Hydrothermal Conversion of Biomass into Fuel and Fine Chemicals

Abstract

Hydrothermal conversion is an important thermochemical conversion technique that is used to convert waste biomass into valuable products or biofuel. The process is usually performed in the presence of water at high temperature and high pressures. The biomass is depolymerized to form three phases such as biocrude, biogas, and biocarbon into small components in water. Based on the process conditions (temperature, pressure, catalyst, and time), the yield of the phases varies accordingly. Comparing to other thermochemical conversion techniques like combustion, pyrolysis, and gasification, the hydrothermal conversion is highly appropriate for handling biomass with high moisture content.
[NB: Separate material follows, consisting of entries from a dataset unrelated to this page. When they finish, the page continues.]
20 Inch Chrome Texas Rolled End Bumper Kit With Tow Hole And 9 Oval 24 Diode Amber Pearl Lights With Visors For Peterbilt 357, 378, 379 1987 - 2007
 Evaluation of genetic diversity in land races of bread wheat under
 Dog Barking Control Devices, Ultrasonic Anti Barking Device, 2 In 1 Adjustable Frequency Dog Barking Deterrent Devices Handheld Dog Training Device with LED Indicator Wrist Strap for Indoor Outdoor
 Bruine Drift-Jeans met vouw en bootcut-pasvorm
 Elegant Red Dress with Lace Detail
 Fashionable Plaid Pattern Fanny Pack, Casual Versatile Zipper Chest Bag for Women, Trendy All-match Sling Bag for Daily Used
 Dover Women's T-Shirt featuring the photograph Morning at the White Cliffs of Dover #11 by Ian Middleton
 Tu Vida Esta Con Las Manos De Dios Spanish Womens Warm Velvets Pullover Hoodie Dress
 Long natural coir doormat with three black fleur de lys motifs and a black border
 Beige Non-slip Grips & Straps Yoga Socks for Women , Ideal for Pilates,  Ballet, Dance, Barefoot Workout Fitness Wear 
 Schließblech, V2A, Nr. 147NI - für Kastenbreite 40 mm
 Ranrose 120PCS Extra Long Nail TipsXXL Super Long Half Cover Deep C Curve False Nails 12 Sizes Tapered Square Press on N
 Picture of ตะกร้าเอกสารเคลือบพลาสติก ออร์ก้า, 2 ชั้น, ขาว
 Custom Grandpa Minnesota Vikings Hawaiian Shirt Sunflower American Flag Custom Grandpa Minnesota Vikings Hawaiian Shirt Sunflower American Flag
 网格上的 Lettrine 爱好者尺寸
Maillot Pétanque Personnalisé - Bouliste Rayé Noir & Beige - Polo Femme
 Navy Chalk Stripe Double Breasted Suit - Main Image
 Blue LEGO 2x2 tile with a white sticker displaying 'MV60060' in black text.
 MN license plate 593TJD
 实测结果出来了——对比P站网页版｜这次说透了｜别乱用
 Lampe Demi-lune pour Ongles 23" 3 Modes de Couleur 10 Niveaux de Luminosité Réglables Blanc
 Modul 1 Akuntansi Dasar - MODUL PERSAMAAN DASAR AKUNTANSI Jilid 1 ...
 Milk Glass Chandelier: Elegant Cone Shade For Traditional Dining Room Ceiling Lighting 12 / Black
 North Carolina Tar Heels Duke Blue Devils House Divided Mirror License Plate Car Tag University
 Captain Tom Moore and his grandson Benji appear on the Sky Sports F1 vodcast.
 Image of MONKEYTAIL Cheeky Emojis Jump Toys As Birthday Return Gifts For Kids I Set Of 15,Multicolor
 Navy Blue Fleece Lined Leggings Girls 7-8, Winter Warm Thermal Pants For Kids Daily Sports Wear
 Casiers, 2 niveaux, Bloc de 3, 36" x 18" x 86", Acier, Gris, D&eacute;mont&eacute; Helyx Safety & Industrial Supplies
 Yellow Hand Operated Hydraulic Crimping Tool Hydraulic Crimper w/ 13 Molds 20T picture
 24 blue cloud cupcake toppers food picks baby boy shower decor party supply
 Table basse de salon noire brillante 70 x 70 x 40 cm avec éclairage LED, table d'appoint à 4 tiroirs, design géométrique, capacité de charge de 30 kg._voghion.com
According to the physicochemical properties of water, the process can be classified as hydrothermal carbonization, hydrothermal liquefaction (at subcritical conditions T, 250–374°C, and P, 4–22 MPa), and hydrothermal gasification (at supercritical conditions T > 374°C and P > 22 MPa). There has been significant research reported on the hydrothermal conversion of lignocellulosic biomasses, algal biomasses, and also co-utilization of these two with other waste materials. The interaction of water with the biomass results in formation of various chemicals like acids, alcohols, cyclic ketones, phenols, and methoxyphenols and more condensed structures like naphthols and benzofurans. This chapter focuses on the influence of the process parameters and types of biomass utilized on the hydrothermal conversion of biomass. Additionally, the use of biomass as not only an energy source but also as a viable source for value-added chemicals is discussed.